The passive-solar house is positioned to absorb winter sunlight, warming the interior walkways and walls. Underground water, which remains a constant 55 degrees year-round, is piped through a heat exchange system that keeps the interior warm in winter and cool in summer. A graywater reclamation system treats and reuses waste water. Rain gutters feed a cistern hooked to a sprinkler system for watering the fruit orchard and grass. Clearly, Bush goes home from the White House to a green house.

Yet the Bush administration's 63-member energy advisory team has 62 members with ties to oil, nuclear, or coal interests. His national energy policy places nuclear power, increased oil and natural gas drilling, and "clean coal" as its cornerstone. The Bush budget takes a definitive step away from developing renewable energy resources. According to the Pew Research Center, 54 percent of Americans distrust Bush's "muscular energy" environmental agenda. In May, 22 religious leaders were arrested at the Department of Energy protesting Bush's plan to drill for oil in the Arctic National Wildlife Refuge.

The Bush ranch is the kind of place we'd all like to live.
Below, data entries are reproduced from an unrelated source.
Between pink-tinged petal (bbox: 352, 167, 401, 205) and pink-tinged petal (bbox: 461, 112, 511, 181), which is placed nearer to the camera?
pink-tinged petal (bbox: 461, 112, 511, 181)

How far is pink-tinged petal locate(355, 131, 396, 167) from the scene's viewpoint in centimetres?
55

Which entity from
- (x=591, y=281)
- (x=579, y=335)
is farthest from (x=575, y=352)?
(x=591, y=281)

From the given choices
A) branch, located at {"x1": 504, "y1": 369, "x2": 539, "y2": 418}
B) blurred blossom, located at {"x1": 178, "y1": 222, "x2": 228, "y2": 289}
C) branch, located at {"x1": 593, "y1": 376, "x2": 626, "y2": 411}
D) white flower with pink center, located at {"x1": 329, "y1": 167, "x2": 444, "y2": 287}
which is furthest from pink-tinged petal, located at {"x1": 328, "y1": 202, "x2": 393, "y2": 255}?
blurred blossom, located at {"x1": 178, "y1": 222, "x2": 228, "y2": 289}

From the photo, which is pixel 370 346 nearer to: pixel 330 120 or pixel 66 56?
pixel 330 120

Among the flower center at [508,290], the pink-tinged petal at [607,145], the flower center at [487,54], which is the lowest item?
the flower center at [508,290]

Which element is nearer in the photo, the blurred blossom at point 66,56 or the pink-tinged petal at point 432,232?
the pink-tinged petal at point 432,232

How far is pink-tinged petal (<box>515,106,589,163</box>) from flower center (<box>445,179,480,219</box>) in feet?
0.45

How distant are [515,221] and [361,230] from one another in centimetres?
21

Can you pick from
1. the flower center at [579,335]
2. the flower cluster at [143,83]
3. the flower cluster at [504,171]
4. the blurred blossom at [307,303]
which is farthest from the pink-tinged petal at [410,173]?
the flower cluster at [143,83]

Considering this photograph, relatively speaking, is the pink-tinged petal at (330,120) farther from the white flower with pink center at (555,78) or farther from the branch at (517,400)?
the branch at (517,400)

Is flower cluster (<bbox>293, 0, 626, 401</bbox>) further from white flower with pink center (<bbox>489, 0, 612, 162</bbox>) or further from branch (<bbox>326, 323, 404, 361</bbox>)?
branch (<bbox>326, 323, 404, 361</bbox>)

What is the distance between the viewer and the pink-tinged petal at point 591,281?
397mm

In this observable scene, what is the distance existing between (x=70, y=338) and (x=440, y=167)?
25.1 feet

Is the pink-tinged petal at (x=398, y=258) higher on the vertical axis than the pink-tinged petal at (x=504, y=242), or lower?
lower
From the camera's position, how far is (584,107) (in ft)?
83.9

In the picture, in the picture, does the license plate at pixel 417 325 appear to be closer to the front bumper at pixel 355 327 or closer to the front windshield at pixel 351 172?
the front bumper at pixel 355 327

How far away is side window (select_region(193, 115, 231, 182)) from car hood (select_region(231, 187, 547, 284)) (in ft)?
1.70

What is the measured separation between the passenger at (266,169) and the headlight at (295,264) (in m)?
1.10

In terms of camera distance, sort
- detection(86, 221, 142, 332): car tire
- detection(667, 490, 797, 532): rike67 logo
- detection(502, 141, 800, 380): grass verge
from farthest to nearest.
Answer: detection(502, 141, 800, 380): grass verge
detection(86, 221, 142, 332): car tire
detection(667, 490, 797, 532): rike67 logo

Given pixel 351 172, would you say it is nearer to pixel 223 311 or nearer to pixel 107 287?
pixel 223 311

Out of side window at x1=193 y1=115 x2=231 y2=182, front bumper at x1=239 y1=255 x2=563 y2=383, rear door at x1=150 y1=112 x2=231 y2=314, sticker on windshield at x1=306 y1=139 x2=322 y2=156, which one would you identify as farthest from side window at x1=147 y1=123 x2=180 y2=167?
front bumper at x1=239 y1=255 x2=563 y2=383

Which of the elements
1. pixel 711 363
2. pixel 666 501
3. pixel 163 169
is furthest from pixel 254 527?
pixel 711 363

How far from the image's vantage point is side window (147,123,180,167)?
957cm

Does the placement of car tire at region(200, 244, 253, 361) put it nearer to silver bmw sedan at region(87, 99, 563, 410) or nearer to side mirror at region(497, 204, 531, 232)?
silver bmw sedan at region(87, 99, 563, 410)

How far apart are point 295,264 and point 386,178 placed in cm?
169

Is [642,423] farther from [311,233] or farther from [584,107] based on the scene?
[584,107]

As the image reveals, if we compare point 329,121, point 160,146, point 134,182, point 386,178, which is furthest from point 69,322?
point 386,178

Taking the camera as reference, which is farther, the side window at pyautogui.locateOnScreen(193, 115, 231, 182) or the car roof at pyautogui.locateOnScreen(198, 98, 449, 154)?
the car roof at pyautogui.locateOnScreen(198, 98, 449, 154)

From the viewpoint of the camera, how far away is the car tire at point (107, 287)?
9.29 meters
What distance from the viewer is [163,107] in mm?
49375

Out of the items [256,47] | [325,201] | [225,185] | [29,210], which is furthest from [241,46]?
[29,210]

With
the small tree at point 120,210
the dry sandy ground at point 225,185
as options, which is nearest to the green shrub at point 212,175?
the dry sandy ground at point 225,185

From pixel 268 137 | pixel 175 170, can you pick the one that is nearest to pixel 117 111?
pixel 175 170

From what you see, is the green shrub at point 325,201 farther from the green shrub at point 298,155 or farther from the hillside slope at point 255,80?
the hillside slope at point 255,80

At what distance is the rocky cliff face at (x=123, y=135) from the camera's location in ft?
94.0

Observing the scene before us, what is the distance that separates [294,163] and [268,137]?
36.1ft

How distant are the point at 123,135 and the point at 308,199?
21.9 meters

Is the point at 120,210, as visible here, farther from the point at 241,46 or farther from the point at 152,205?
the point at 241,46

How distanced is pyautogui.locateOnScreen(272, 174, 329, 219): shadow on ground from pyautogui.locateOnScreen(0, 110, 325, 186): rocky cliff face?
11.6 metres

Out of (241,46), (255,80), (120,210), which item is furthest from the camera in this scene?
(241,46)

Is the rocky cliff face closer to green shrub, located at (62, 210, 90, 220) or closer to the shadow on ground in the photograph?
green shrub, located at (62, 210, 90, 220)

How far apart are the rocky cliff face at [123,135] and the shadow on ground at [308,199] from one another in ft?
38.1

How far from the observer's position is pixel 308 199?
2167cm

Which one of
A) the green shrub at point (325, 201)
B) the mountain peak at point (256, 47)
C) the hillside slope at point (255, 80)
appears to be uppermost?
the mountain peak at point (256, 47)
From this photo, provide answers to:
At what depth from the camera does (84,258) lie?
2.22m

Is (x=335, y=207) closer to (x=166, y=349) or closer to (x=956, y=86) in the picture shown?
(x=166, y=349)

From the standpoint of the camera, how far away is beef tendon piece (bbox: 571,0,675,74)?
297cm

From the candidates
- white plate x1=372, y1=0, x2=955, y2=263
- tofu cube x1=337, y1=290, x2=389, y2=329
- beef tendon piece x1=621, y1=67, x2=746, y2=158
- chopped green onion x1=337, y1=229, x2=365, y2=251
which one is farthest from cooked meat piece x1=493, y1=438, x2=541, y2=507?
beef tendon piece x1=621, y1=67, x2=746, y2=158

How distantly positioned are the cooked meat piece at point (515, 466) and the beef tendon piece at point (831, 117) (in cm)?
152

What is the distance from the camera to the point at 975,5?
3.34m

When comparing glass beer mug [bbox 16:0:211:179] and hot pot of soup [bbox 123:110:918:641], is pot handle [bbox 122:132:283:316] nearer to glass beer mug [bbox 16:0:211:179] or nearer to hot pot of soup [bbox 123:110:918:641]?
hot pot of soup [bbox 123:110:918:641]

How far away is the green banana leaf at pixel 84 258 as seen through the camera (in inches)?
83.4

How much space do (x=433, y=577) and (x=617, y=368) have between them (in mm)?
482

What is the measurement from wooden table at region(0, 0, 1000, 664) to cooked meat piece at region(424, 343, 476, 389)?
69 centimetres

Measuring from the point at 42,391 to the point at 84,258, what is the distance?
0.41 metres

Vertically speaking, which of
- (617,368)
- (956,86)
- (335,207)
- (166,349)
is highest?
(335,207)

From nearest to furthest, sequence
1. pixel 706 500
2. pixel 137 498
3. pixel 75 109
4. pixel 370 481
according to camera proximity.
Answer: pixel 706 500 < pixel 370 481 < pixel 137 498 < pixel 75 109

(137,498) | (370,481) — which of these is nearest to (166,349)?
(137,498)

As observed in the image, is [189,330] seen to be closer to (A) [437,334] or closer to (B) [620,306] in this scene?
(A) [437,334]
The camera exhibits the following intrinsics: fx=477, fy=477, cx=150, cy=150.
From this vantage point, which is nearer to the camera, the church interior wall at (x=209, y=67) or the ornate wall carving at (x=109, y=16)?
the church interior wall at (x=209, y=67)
Too bad his environmental policies are moving the rest of the country in exactly the opposite direction.

CLEAN WATER. Bush has put on hold Clinton regulations that would have lowered arsenic in drinking water from 50 parts per billion to 10 ppb. The Bush budget eliminates the National Water Quality Assessment program and drastically cuts funds for hydrology research.

CARBON DIOXIDE. On the campaign trail, Bush vowed to establish mandatory reductions on carbon and sulfur dioxide, nitrogen oxide, and mercury emissions from power plants, thus reducing smog, acid rain, and global warming. After taking office, he reneged on this promise.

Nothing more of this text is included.